Após o brado de alerta e as intervenções de clérigos e leigos do século XIX, Leão XIII resolveu propor na encíclica o pensamento católico sobre o assunto: o trabalho não é mercadoria, mas é expressão da pessoa humana, que tem dignidade inconfundível; por isso merece salário justo, suficiente para manter o trabalhador e sua família; merece repouso correspondente à fadiga acarretada; o proletário deve poder associar-se aos seus colegas de luta em organizações posteriormente ditas “sindicatos”; o Estado há de favorecer a classe operária, garantindo o respeito aos seus direitos.

“A ninguém escapa a atualidade dessas reflexões. Será conveniente...ter presente que aquilo que serve de linha condutora da encíclica e de toda a doutrina social da Igreja é a correta concepção da pessoa humana e do seu valor único” ( nº 11 ).

Caminhando rumo às “coisas novas” de hoje, o pontífice afirma: “A comemoração da Rerum Novarum não seria adequada se não olhasse também para a situação de hoje” ( nº 12 ).

Leão XIII, de certo modo, já previa os acontecimentos que marcaram os últimos cem anos, entre os quais os dois últimos meses de 1989 e os dois primeiros meses de 1990, quando se deu a queda do socialismo nos países da Europa central e oriental. Mesmo sem conhecer um Estado socialista forte e poderoso, o papa predisse o malogro do socialismo. Por que terá desmoronado?

“O erro fundamental do socialismo é de caráter antropológico...Considera cada homem simplesmente como um elemento e uma molécula do organismo social, de tal modo que o bem do indivíduo aparece totalmente subordinado ao funcionamento do mecanismo econômico-social” ( nº 13 ).
Essa errônea concepção do homem tem sua causa primeira no ateísmo. E o ateísmo prende-se ao racionalismo ou iluminismo do século XVIII, quando os pensadores conceberam o homem de maneira mecanicista.
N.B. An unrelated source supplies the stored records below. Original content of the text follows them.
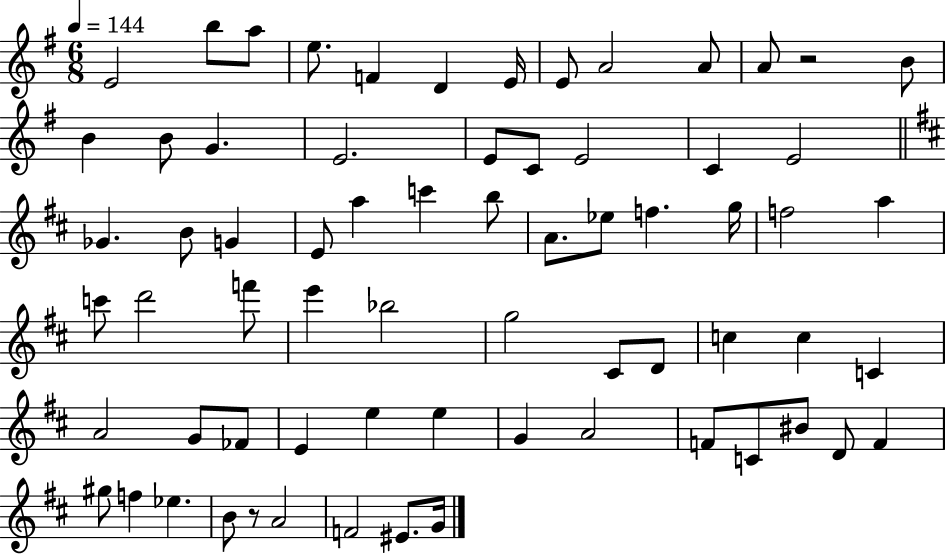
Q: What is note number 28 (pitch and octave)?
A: B5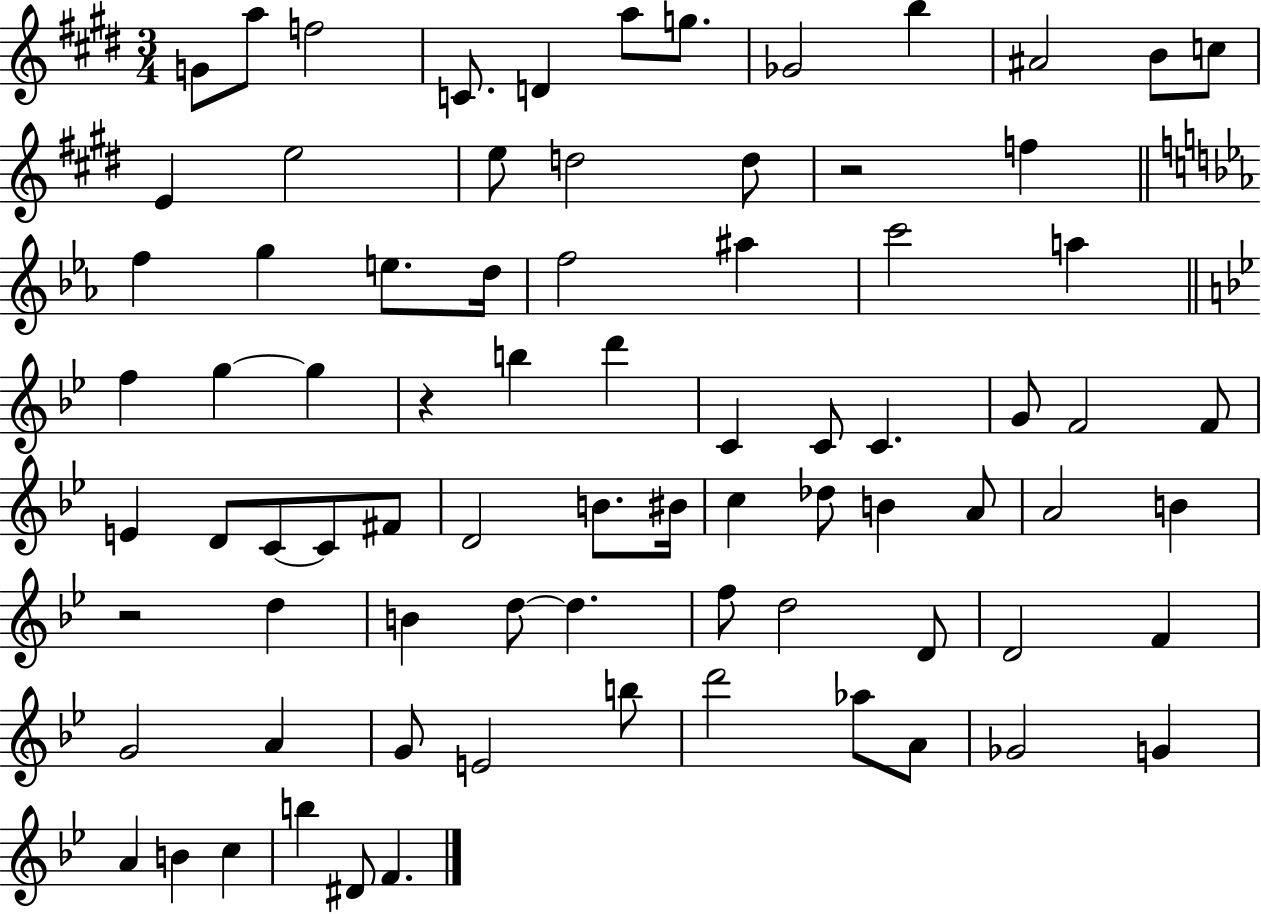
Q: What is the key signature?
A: E major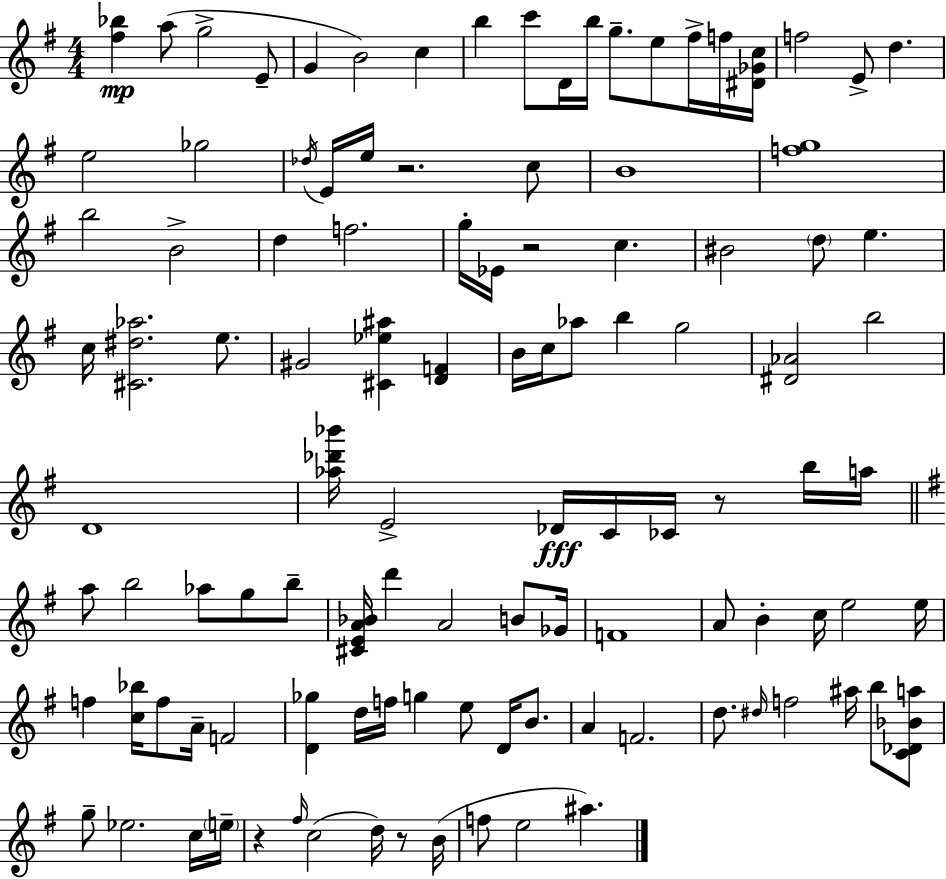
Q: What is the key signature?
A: E minor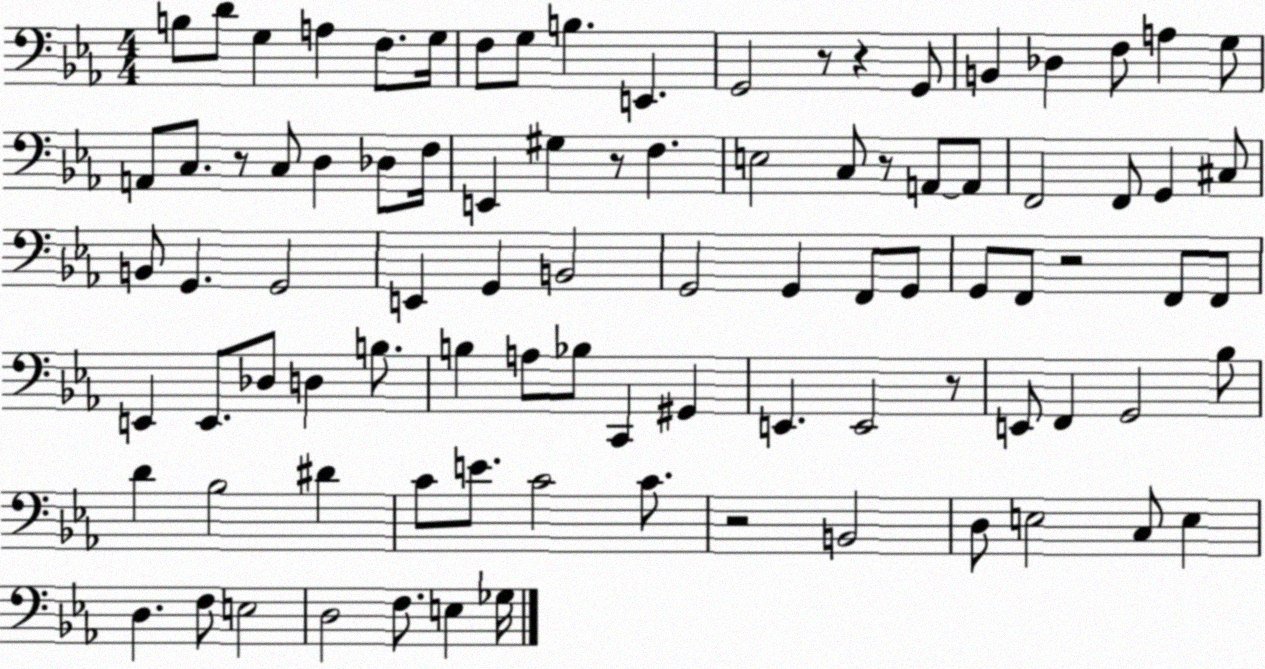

Da mesma raiz ateísta deriva-se a escolha dos meios de ação própria do socialismo, que é a luta de classes. Condenável por desrespeitar a dignidade da pessoa humana, ela abstrai de considerações éticas e jurídicas, sem excluir o uso da mentira e o recurso ao terror.

O ateísmo, que levou ao desprezo de Deus e do próximo, atingiu as suas conseqüências extremas no trágico ciclo das duas guerras mundiais de 1914-1918 e 1939-1945.
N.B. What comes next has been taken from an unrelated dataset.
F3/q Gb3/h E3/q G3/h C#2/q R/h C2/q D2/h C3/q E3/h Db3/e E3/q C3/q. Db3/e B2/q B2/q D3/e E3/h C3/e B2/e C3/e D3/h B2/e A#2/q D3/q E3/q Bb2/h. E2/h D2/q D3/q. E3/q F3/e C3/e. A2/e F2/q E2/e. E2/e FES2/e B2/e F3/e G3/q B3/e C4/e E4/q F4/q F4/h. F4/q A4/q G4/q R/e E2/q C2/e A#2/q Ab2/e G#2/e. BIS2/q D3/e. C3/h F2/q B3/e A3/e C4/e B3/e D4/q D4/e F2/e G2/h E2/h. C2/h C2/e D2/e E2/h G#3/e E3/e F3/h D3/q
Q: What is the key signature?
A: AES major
“Foram duas guerras ditadas pelo militarismo e pelo nacionalismo exacerbado e pelas formas de totalitarismo a esses ligadas, e guerras derivadas da luta de classes, guerras civis e ideológicas. Sem a terrível carga de ódio e rancor, acumulada por causa de tanta injustiça..., não seriam possíveis guerras de tamanha ferocidade..., em que não se hesitou em violar os direitos humanos mais sagrados, sendo planificado e executado o extermínio de povos e grupos sociais inteiros.
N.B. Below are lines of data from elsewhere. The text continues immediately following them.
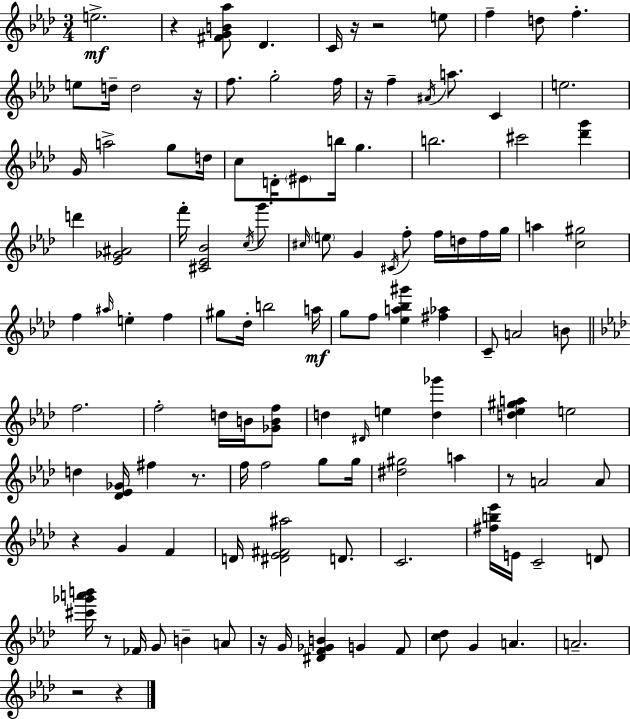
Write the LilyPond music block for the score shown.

{
  \clef treble
  \numericTimeSignature
  \time 3/4
  \key aes \major
  e''2.->\mf | r4 <fis' g' b' aes''>8 des'4. | c'16 r16 r2 e''8 | f''4-- d''8 f''4.-. | \break e''8 d''16-- d''2 r16 | f''8. g''2-. f''16 | r16 f''4-- \acciaccatura { ais'16 } a''8. c'4 | e''2. | \break g'16 a''2-> g''8 | d''16 c''8 d'16-. \parenthesize eis'8 b''16 g''4. | b''2. | cis'''2 <des''' g'''>4 | \break d'''4 <ees' ges' ais'>2 | f'''16-. <cis' ees' bes'>2 \acciaccatura { c''16 } g'''8. | \grace { cis''16 } \parenthesize e''8 g'4 \acciaccatura { cis'16 } f''8-. | f''16 d''16 f''16 g''16 a''4 <c'' gis''>2 | \break f''4 \grace { ais''16 } e''4-. | f''4 gis''8 des''16-. b''2 | a''16\mf g''8 f''8 <ees'' a'' bes'' gis'''>4 | <fis'' aes''>4 c'8-- a'2 | \break b'8 \bar "||" \break \key f \minor f''2. | f''2-. d''16 b'16 <ges' b' f''>8 | d''4 \grace { dis'16 } e''4 <d'' ges'''>4 | <d'' ees'' gis'' a''>4 e''2 | \break d''4 <des' ees' ges'>16 fis''4 r8. | f''16 f''2 g''8 | g''16 <dis'' gis''>2 a''4 | r8 a'2 a'8 | \break r4 g'4 f'4 | d'16 <dis' ees' fis' ais''>2 d'8. | c'2. | <fis'' b'' ees'''>16 e'16 c'2-- d'8 | \break <cis''' ges''' a''' b'''>16 r8 fes'16 g'8 b'4-- a'8 | r16 g'16 <dis' f' ges' b'>4 g'4 f'8 | <c'' des''>8 g'4 a'4. | a'2.-- | \break r2 r4 | \bar "|."
}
Recorde-se aqui, em particular, o povo hebreu, cujo destino terrível se tornou um símbolo da aberração a que pode chegar o homem quando se volta contra Deus” ( nº 17 ).

P.S.: a) Artigo publicado simultaneamente nos periódicos Jornal da Cidade ( Caxias - MA ), O Dia ( Teresina - PI ) e O Estado do Maranhão ( São Luís - MA ).
b) Data da publicação no Jornal da Cidade : 25/01/2004.